## BRIEF
With any pictures left out, restate word for word the lines in the listing below from the one holding "Curly-haired dog with a beige background." through the last.

## GIVEN RECORDS
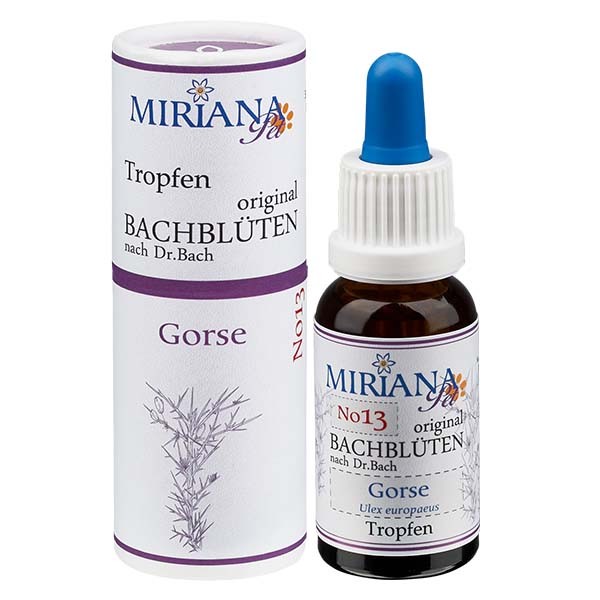 Gorse Bachblüten Essenz für Tiere 20ml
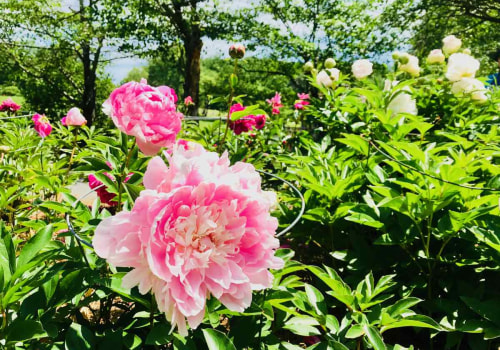 Experience the Best of Fairfax County, VA Through its Vibrant Events
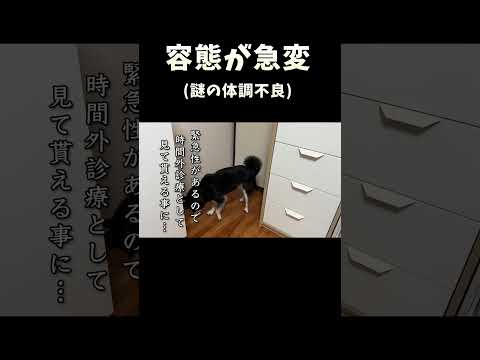 容態が急変 サムネイル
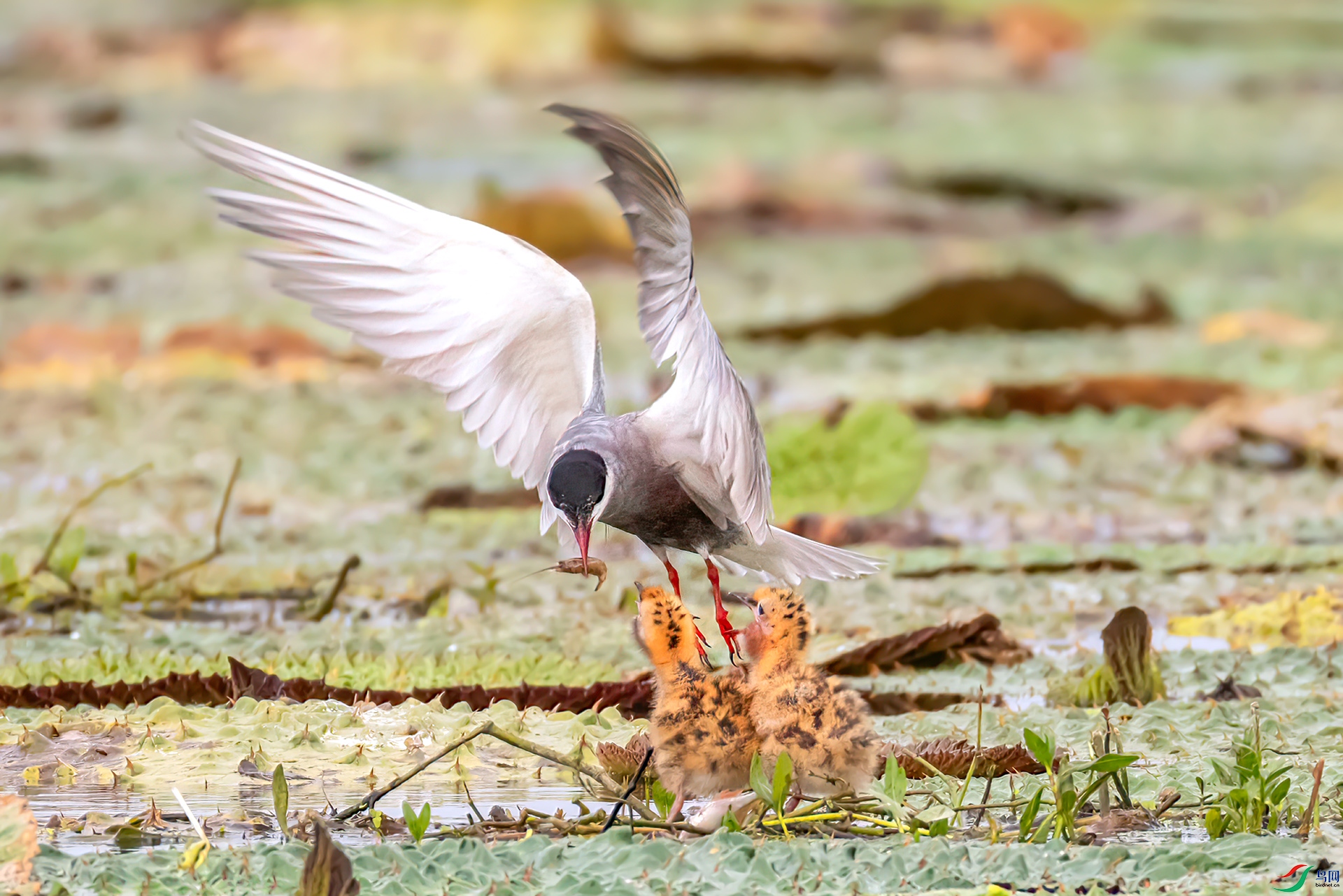 407A5897 ����-Sh----1 .jpg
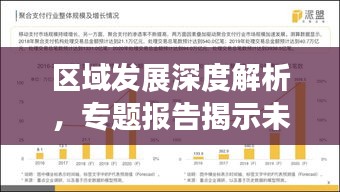区域发展深度解析,专题报告揭示未来趋势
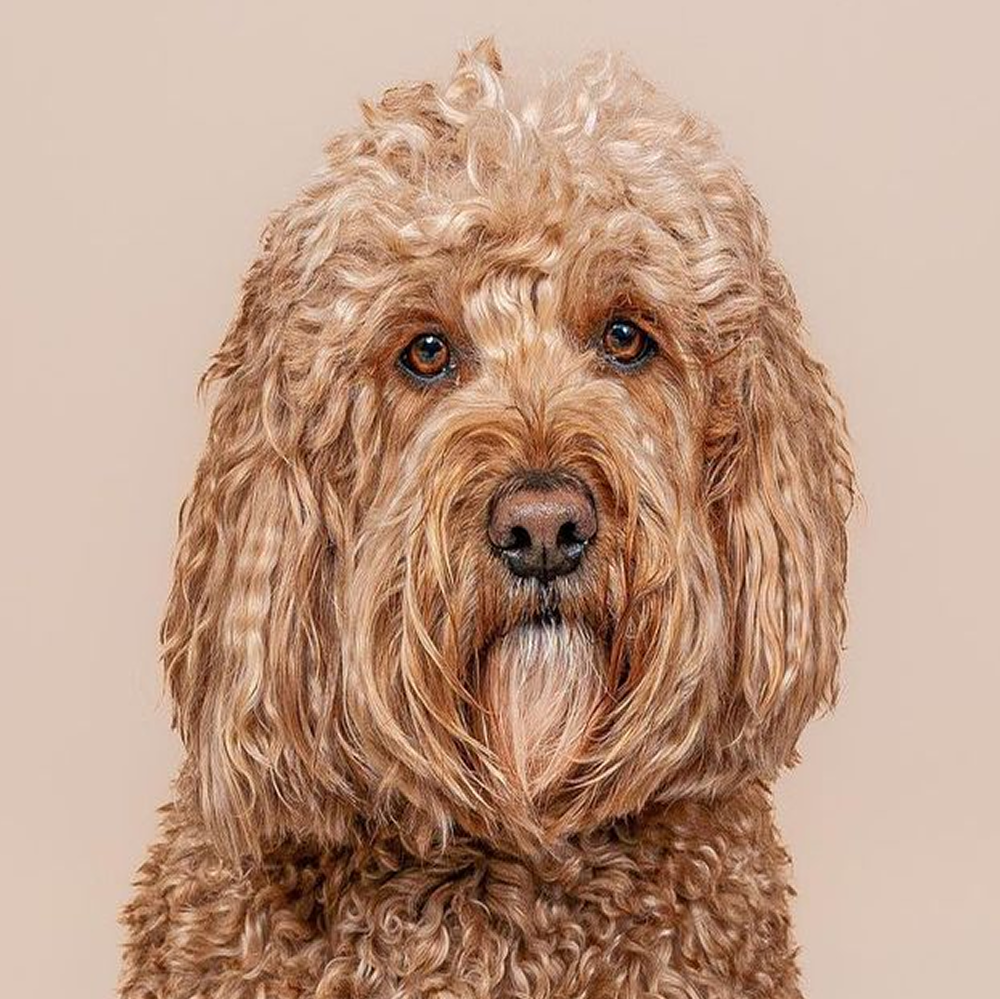 Curly-haired dog with a beige background.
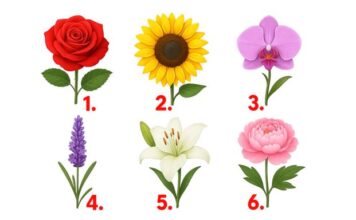 TEST: Koji cvijet vam se najviše dopada? – On otkriva kako vas drugi zapravo vide! TEST: Koji cvijet vam se najviše dopada? – On otkriva kako vas drugi zapravo vide! - featured image
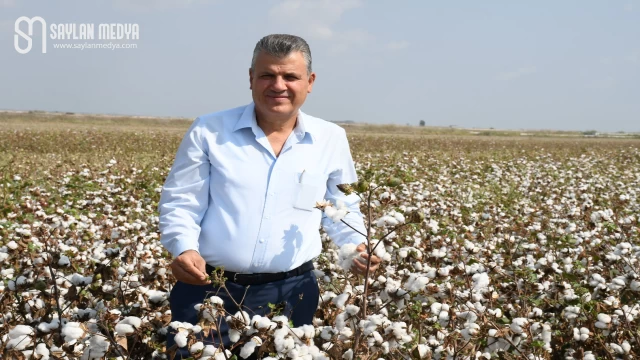 "Pamuk üreticisi hasat sevinci değil fiyat endişesi yaşıyor"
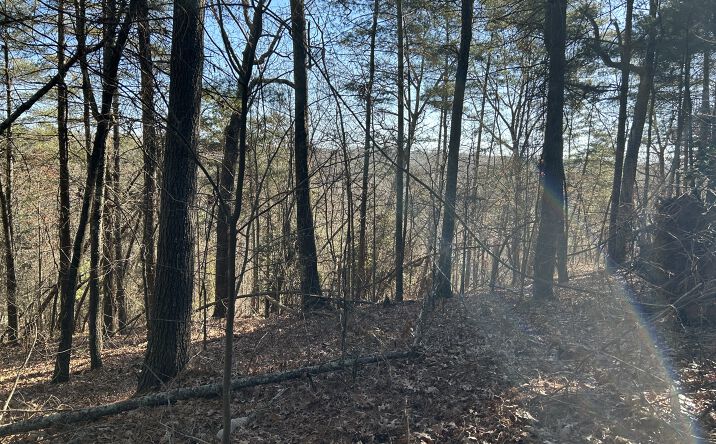 Pictures of Land property located at 00000 Twin River Orchard Rd, Demorest, GA 30535 for sales - image #1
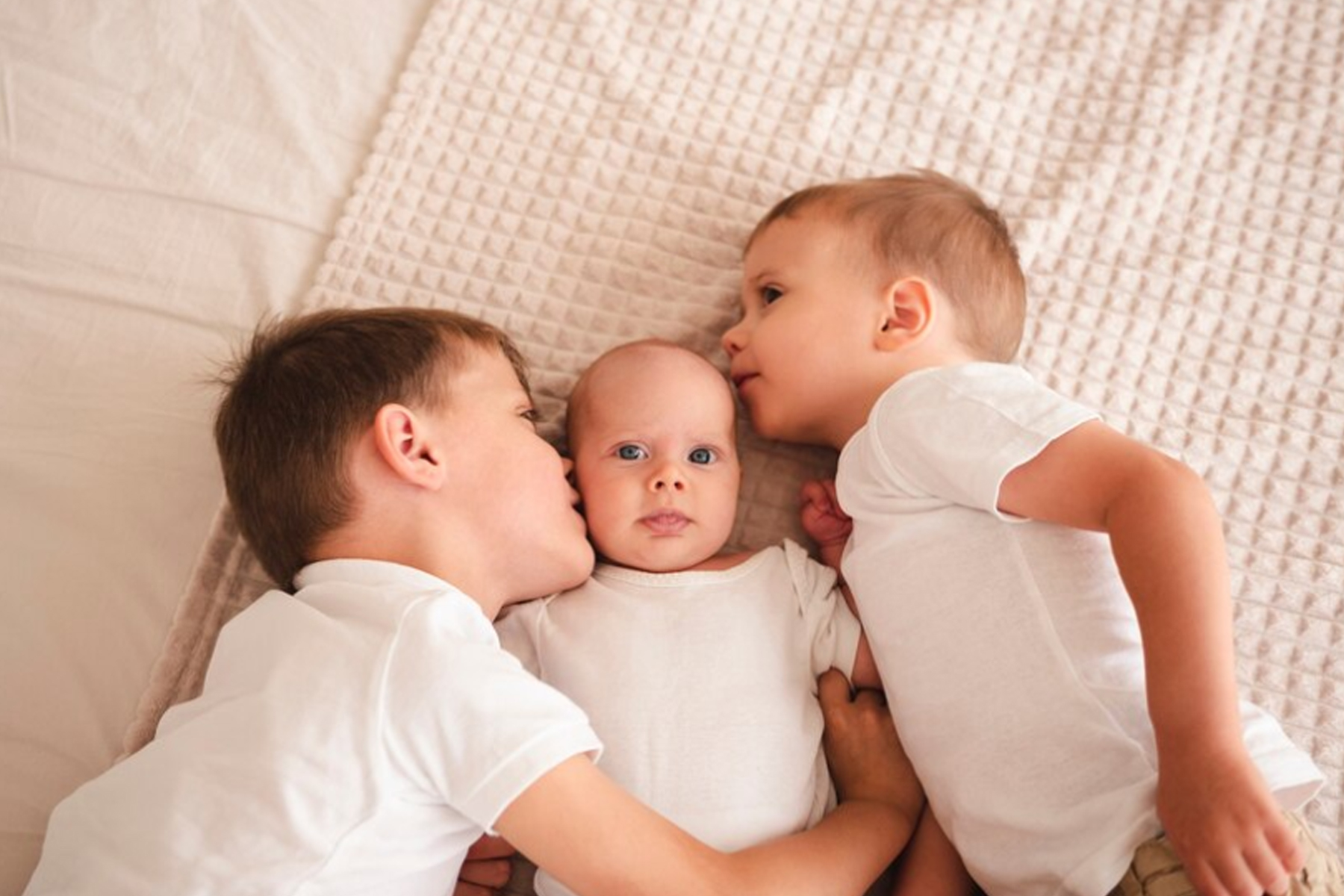 /user/m/momgreencare/editor/2411/c30f20955e91fe282ae6b6cea99dec28_1732863673_5171.jpg 이미지크게보기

## EXPECTED ANSWER
 Curly-haired dog with a beige background.
 TEST: Koji cvijet vam se najviše dopada? – On otkriva kako vas drugi zapravo vide! TEST: Koji cvijet vam se najviše dopada? – On otkriva kako vas drugi zapravo vide! - featured image
 "Pamuk üreticisi hasat sevinci değil fiyat endişesi yaşıyor"
 Pictures of Land property located at 00000 Twin River Orchard Rd, Demorest, GA 30535 for sales - image #1
 /user/m/momgreencare/editor/2411/c30f20955e91fe282ae6b6cea99dec28_1732863673_5171.jpg 이미지크게보기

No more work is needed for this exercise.